Un tentativo di salvaggio in extremis di un collega ministro che potrebbe essere interpretato come un uso privatistico del ruolo pubblico. Ma sappiamo che non è così e che è un diritto riconosciuto ad ogni cittadino indagato per qualche reato. Purché abbia un amico Ministro della Giustizia.



1 réactions


  • Rocco Di Rella (---.---.---.83) 2 agosto 2009 11:19

    Certamente il Governatore Vendola sbagliò, nel 2005, a nominare Alberto Tedesco (ex socialista) assessore alla Sanità della Regione Puglia. Poteva scegliere meglio la persona da collocare a capo di quell’importantissimo assessorato.
    Vendola ha, invece, fatto benissimo a defenestrare Tedesco non appena sono state avviate le indagini su di lui.
    Bene ha fatto Vendola anche a rimuovere la direttora dell’ASL BA/1 Lea Cosentino, quando è finita sotto inchiesta.
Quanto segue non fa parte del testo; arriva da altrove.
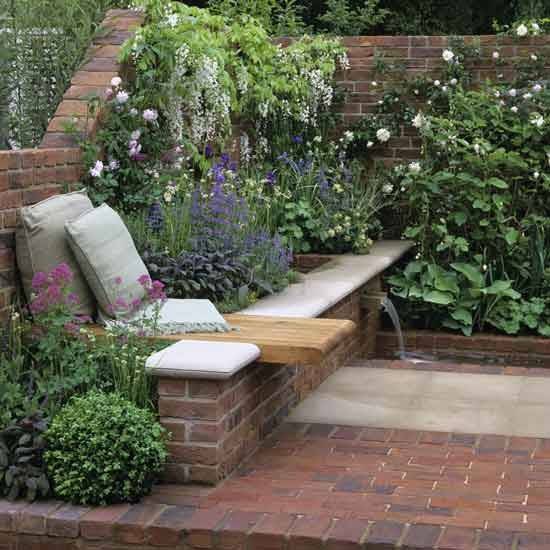Backyard Corner Garden Ideas Brilliant Corner Yard Landscaping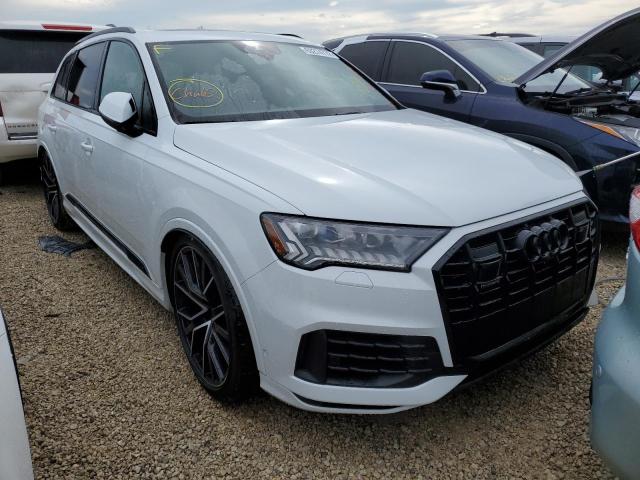 Photo 1 from auction – 2021 AUDI Q7 PRESTIG with VIN WA1VXAF73MD041906
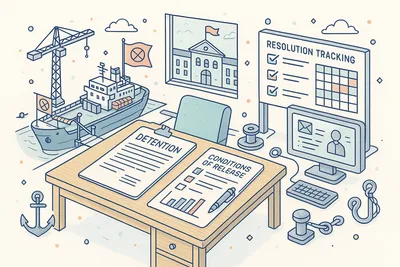 Port Authority Detention Tracking
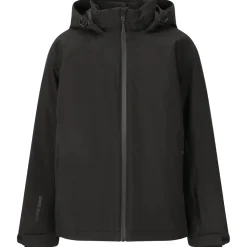 Whistler Vintertøj|Skitøj-Montill Jr. W-Pro 10.000 Skisæt Børn, black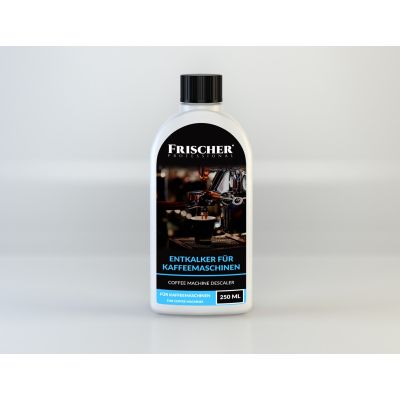 3. Odkamieniacz do automatycznych ekspresów do kawy Frischer 0,25l (koncentrat)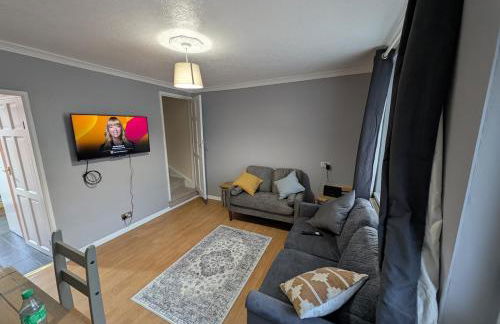 Town Centre, dedicated Parking - Foto 1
    Sulla persona e sull’operato di Alberto Tedesco è legittimo nutrire qualche dubbio. Ma le accuse della procura di Bari e del PM Desirèe Digeronimo appaiono esagerate, spropositate e prive di riscontri (gli unici riscontri sarebbero delle equivoche battute fatte da Tedesco e da un suo collaboratore durante alcune conversazioni telefoniche intercettate). La gravità delle accuse formulate dalla dottoressa Digeronimo appare inversamente proporzionale alla quantità (assai esigua) dei riscontri trovati. Quando la dottoressa Digeronimo ipotizza l’esistenza di un’organizzazione criminale capeggiata da Tedesco e di collegamenti con la mafia barese (ma esiste la mafia a Bari?), è naturale sospettare che la dottoressa Digeronimo stia solo elaborando un teorema giudiziario praticamente indimostrabile in sede dibattimentale.
    Auguriamo alla dottoressa Digeronimo di riuscire a dimostrare le gravi accuse che avanza; altrimenti, la tutela del buon nome e del presitgio della magistratura italiana dovrà essere affidato all’esercizio dell’azione disciplinare nei suoi confronti da parte del Consiglio Superiore della Magistratura.
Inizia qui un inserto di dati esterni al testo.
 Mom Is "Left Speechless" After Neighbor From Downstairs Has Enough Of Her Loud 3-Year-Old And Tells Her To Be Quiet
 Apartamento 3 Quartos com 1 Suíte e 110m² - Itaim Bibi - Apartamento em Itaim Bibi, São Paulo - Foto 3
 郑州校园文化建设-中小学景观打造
    In tutta questa vicenda, il ruolo dei fessacchiotti autolesionisti è recitato, come spesso accade, dal Partito Democratico Pugliese, che, nel 2008, candidò Tedesco al Senato. Alberto Tedesco è diventato senatore da poche settimane, come subentrante del neoparlamentare europeo Paolo De Castro, e fa il suo ingresso nel parlamento nazionale nel bel mezzo dell’inchiesta sulla sanità pugliese. Se il PD non lo avesse candidato al Senato, oggi Tedesco non ricoprirebbe alcun incarico e gli effetti politici dell’inchiesta barese sarebbero stati molto più contenuti.